To do. May I have the lines from the one containing "Classic Cabinet Knob" to the end of the entries, returned exactly and with nothing else?

Exercise material.
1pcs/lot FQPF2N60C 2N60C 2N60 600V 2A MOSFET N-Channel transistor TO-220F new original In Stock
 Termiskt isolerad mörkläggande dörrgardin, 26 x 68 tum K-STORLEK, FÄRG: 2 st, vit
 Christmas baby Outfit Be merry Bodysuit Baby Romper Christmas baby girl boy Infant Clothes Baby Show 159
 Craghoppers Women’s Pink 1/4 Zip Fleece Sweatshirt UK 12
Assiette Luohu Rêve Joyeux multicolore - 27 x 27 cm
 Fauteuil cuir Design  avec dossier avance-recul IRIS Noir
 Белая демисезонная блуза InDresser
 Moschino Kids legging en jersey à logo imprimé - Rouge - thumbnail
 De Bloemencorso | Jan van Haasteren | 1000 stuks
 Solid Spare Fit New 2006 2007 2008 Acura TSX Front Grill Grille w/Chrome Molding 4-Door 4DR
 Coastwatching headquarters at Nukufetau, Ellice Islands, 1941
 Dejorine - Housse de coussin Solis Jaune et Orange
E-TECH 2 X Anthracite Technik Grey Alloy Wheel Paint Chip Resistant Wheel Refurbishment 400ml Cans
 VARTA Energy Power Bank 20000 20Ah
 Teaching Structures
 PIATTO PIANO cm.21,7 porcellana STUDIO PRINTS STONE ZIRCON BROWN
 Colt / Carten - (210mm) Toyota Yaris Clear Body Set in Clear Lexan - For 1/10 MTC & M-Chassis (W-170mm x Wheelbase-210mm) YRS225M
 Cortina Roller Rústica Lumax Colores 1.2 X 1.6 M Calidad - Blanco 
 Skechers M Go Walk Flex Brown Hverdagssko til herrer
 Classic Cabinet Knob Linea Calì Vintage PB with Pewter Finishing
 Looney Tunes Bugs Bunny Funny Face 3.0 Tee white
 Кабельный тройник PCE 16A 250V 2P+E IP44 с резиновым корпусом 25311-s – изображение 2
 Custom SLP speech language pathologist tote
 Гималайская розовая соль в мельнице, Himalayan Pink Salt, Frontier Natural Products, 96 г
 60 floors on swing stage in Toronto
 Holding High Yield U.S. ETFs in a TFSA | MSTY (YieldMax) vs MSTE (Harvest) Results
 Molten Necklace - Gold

Finished task.
 Classic Cabinet Knob Linea Calì Vintage PB with Pewter Finishing
 Looney Tunes Bugs Bunny Funny Face 3.0 Tee white
 Кабельный тройник PCE 16A 250V 2P+E IP44 с резиновым корпусом 25311-s – изображение 2
 Custom SLP speech language pathologist tote
 Гималайская розовая соль в мельнице, Himalayan Pink Salt, Frontier Natural Products, 96 г
 60 floors on swing stage in Toronto
 Holding High Yield U.S. ETFs in a TFSA | MSTY (YieldMax) vs MSTE (Harvest) Results
 Molten Necklace - Gold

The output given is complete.